A Quick Glance at Kyl '99

23 March 1999

The subcommittee hearing on the Kyl bill is being held today. IGN publisher Sue Schneider will be attending the hearing along with other representatives from the Interactive Gaming Council. They will be submitting written testimony but are not allowed to present verbal testimony. So far, the only witness list released has the same old stand-bys....two Attorneys General, and reps from the NCAA and the NFL. We got a hold of a draft of the bill.

We are doing a full analysis of the legislation, and as such, these points are subject to revision and re-interpretation. But some of the more key elements include:

(1) The "casual bettor" provision has been removed. Under Kyl's legislation, the placement of a bet via the internet would NOT be a federal crime.

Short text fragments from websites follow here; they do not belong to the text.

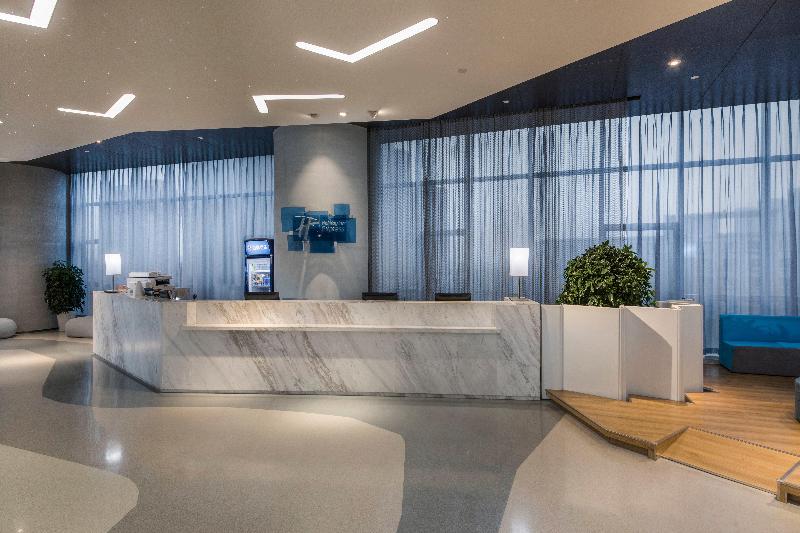 Отель Holiday Inn Express   Yantai Yeda, An Ihg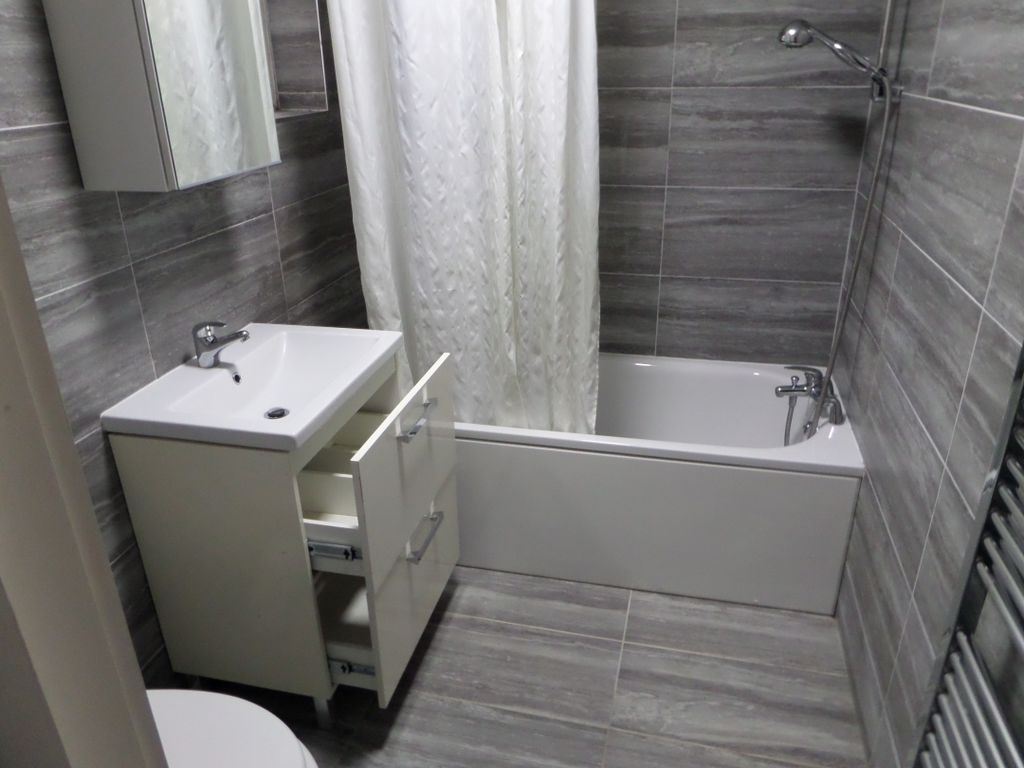 Property photo 2 of 2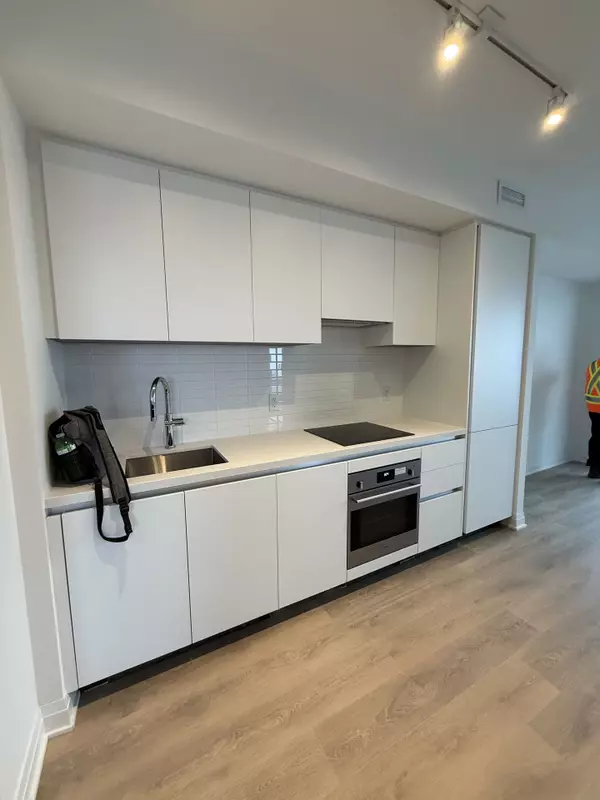 Mississauga, ON L5B 0N9,4015 The Exchange ST #4507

(2) Exceptions, and lots of 'em. The prohibition would NOT apply to:
  • intrastate dial-up or password protected networks (a.k.a. a "closed-loop subscriber based service";
  • fantasy sports;
  • common pooling for parimutuel betting as long as it is legal in the states or foreign countries where the betting and racing are taking place;
  • parimutuel totes;
  • news reporting, analyses, odds, results, schedules, or categories of wagering;
  • posting of educational information on how to gamble;
  • State (but not tribal) lotteries so long as the purchases are either intrastate or are between compacted states (i.e., powerball) and made in facilities open to the general public; and
  • "any otherwise lawful bet or wager that is placed on live horse races" if authorized under federal and state law and governed by the Interstate Horse Racing Act.

(3) No proxy wagering is permitted.

(4) The bill still contains injunction provisions so that law enforcement can close down web sites.

(5) Penalties for those illegally operating a gambling business are: fines not more than $20,000 or the value of the bet, 4 years in prison, or both.

We'll update you to anything pertinent on today's meeting.